WORK ITEM
Exactly the lines from the one containing "3W led bulb E27" through the end of the listing must make up the answer, with no pictures included.

*** PROVIDED RECORDS Section Begins ***

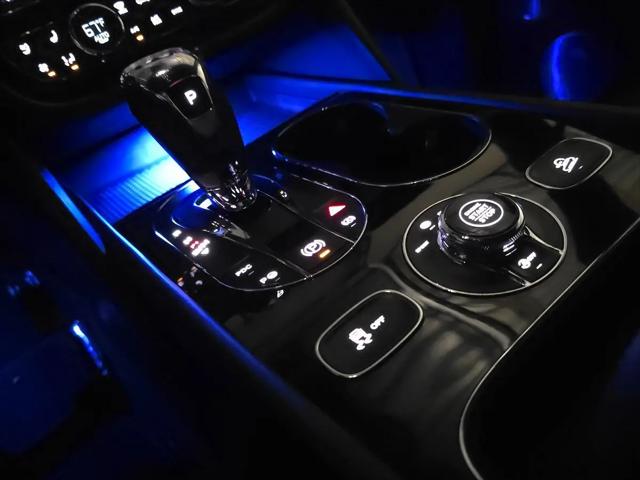 2020 Bentley Bentayga V8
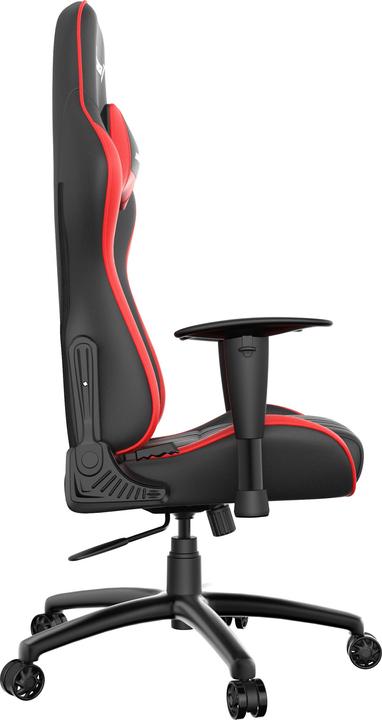 Produktbild Anda seaT Jungle Black & Red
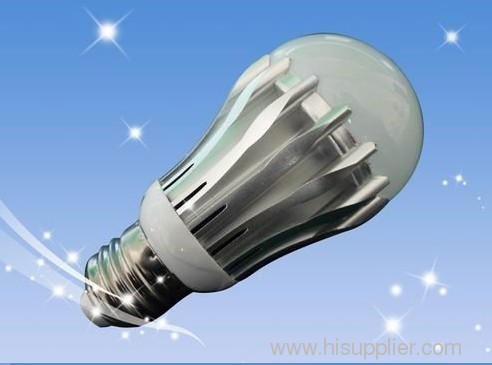 3W led bulb E27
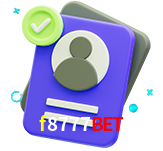 Tornar-se um membro do f8777bet é muito simples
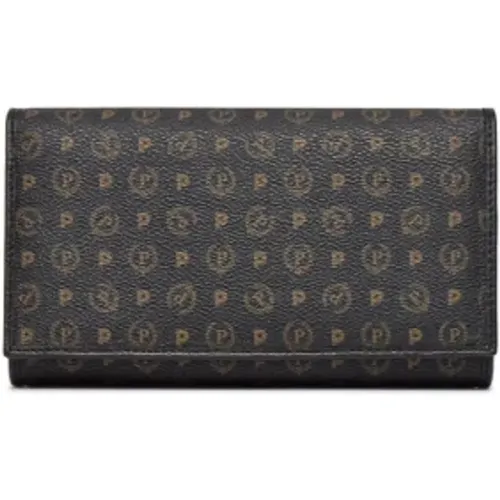 Wallets & Cardholders, female, , Size: ONE SIZE Wallets & Cardholders - Pollini - Modalova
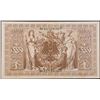 Image 3 : 1910 Imperial Germany 1,000 Mark Note P: 45B Grades Choice AU/BU Slider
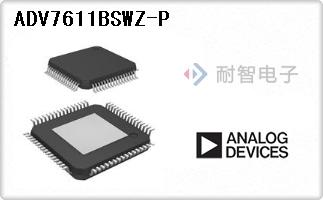 ADV7611BSWZ-P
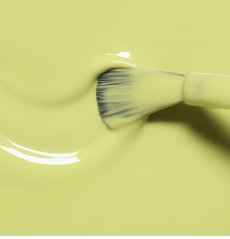 MANUCURIST GREEN LAKIER LIME 15ml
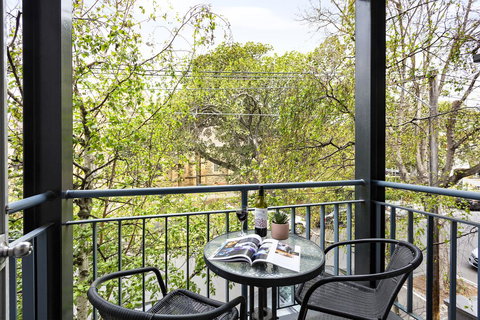 Quest St Kilda Bayside - New South Wales Tourism  6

*** PROVIDED RECORDS Section Ends ***

ANSWER BOX
 3W led bulb E27
 Tornar-se um membro do f8777bet é muito simples
 Wallets & Cardholders, female, , Size: ONE SIZE Wallets & Cardholders - Pollini - Modalova
 Image 3 : 1910 Imperial Germany 1,000 Mark Note P: 45B Grades Choice AU/BU Slider
 ADV7611BSWZ-P
 MANUCURIST GREEN LAKIER LIME 15ml
 Quest St Kilda Bayside - New South Wales Tourism  6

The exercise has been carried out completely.